(Short descriptive text snippets)
--------------------------------
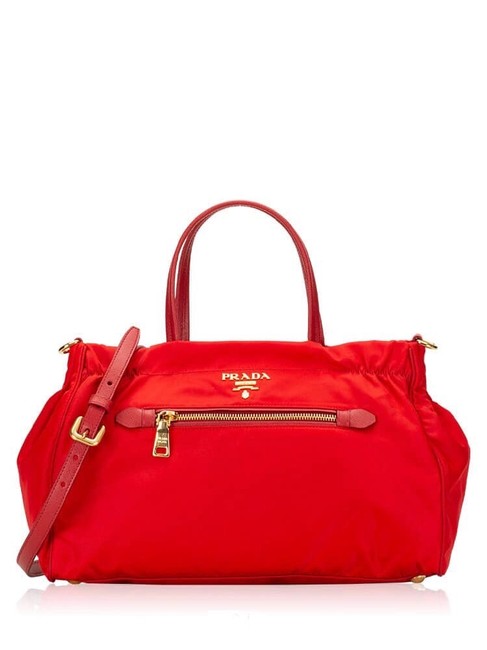 Prada Tessuto Saffiano Satchel Rosso Nylon Tote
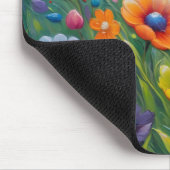 Farbenfrohe Frühlingsblumen Mousepad (Ecke)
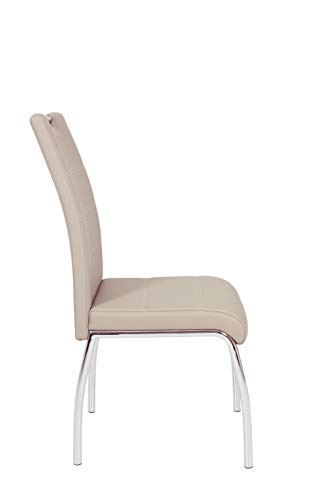 Hela Tische, 4er Set Esszimmerstuhl Susi, Bezug Kunstleder Cappuccino, Griffmulde, Metallgestell Chrom, 43 x 61 x 98 cm – Bild 5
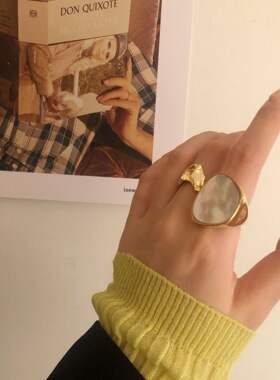 韩版S925银戒指女复古欧美ins夸张设计梯形贝壳开口指环食指戒潮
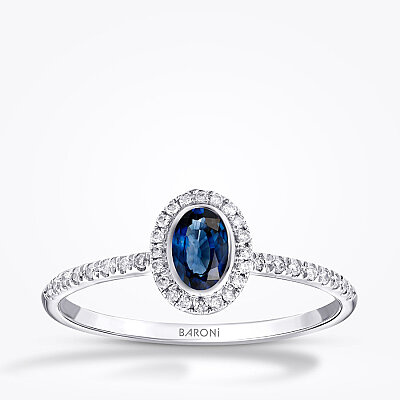 0.40 Karat Pırlanta Safir Yüzük - 1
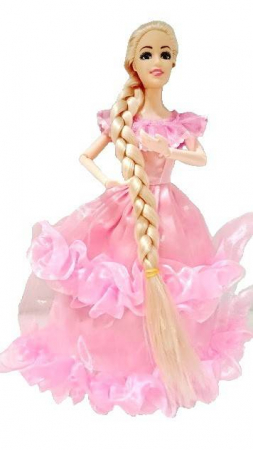 Bebe & Papusi & Accesorii - papusa eleganta cu articulatii, par lung strans in coada, 30 cm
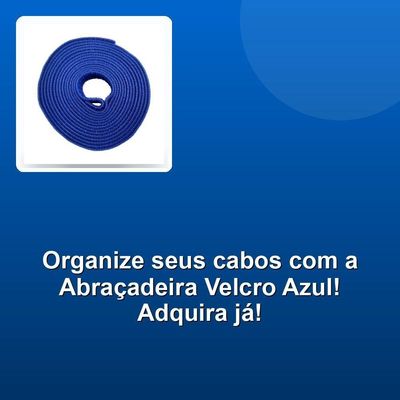 Abraçadeira de Velcro MUVC0005 Organizador de Cabos 3 METROS X 20MM Azul Multitoc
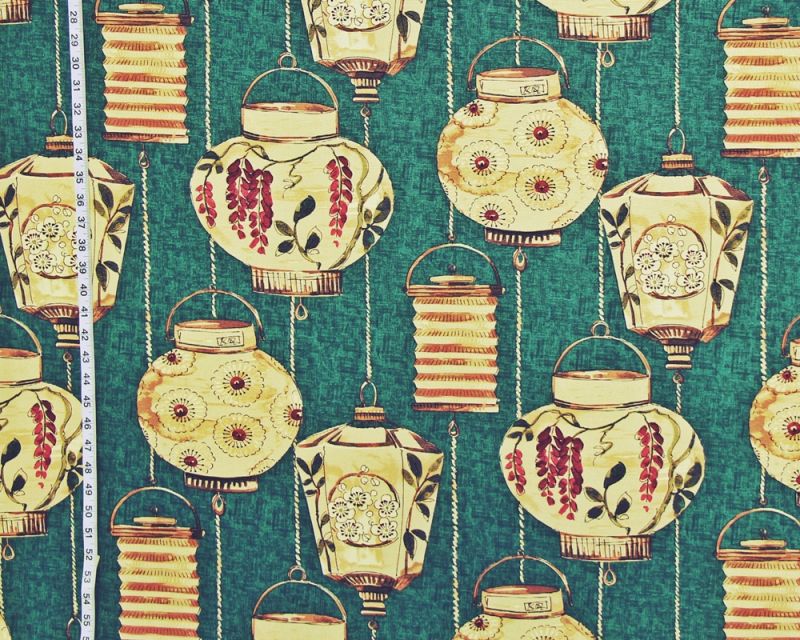 Japanese fabric- lanterns in teal green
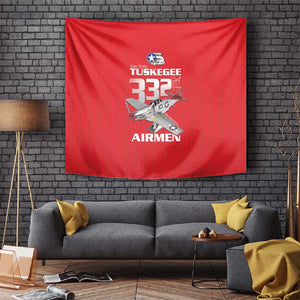 Tuskegee Red Tails Airmen Tapestry 332nd Fighter Group - Red - African Pride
--------------------------------
Every entry above is to be copied verbatim, with the pictures removed.

▶ Output for this task
 Prada Tessuto Saffiano Satchel Rosso Nylon Tote
 Farbenfrohe Frühlingsblumen Mousepad (Ecke)
 Hela Tische, 4er Set Esszimmerstuhl Susi, Bezug Kunstleder Cappuccino, Griffmulde, Metallgestell Chrom, 43 x 61 x 98 cm – Bild 5
 韩版S925银戒指女复古欧美ins夸张设计梯形贝壳开口指环食指戒潮
 0.40 Karat Pırlanta Safir Yüzük - 1
 Bebe & Papusi & Accesorii - papusa eleganta cu articulatii, par lung strans in coada, 30 cm
 Abraçadeira de Velcro MUVC0005 Organizador de Cabos 3 METROS X 20MM Azul Multitoc
 Japanese fabric- lanterns in teal green
 Tuskegee Red Tails Airmen Tapestry 332nd Fighter Group - Red - African Pride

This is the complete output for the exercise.